**Material supplied:**
■ ■ ■ ■ ■ ■ ■

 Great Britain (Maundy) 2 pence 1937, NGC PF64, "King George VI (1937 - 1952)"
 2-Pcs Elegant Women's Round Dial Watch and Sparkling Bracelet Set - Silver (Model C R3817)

■ ■ ■ ■ ■ ■ ■

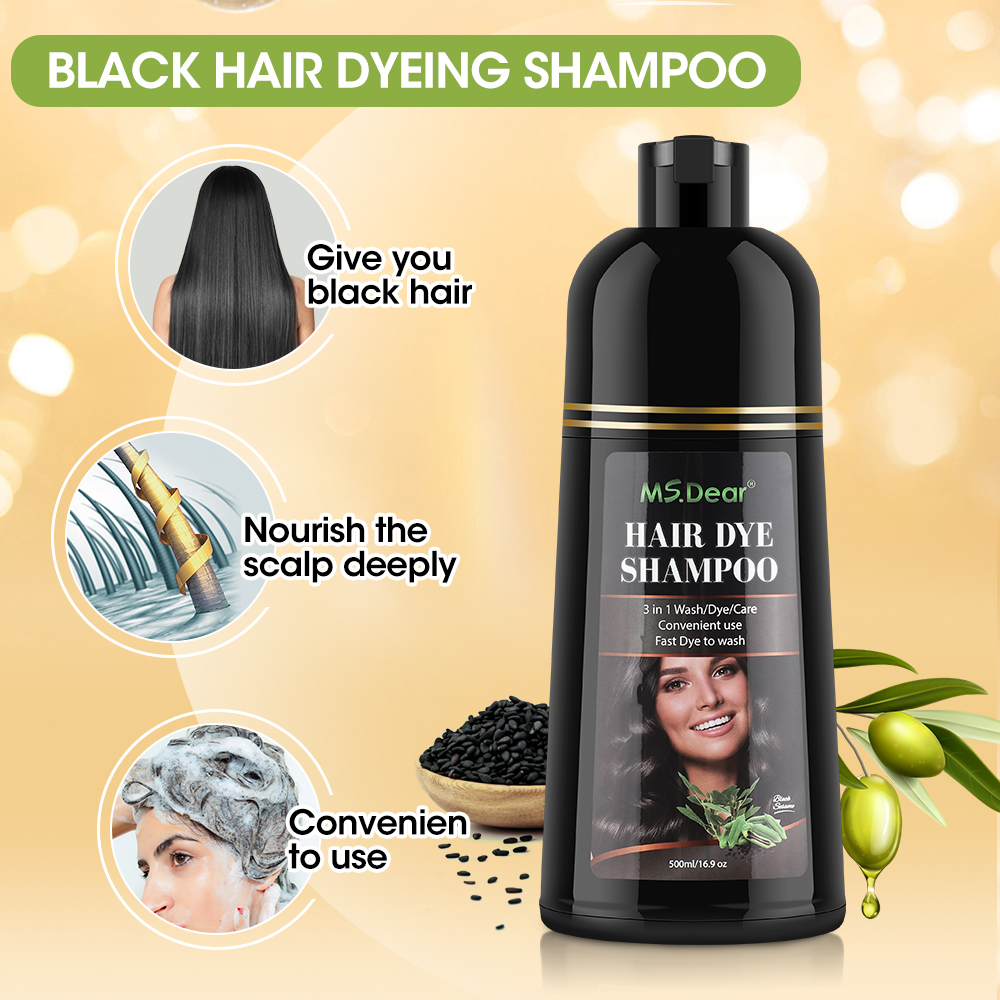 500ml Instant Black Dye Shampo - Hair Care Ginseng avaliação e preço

■ ■ ■ ■ ■ ■ ■

**Goal of the exercise:**
Reproduce, character for character, only the lines of the preceding data that start at the line with "Great Britain (Maundy)" and end at the line with "2-Pcs Elegant Women's", both included.

**Exercise answer:**
 Great Britain (Maundy) 2 pence 1937, NGC PF64, "King George VI (1937 - 1952)"
 2-Pcs Elegant Women's Round Dial Watch and Sparkling Bracelet Set - Silver (Model C R3817)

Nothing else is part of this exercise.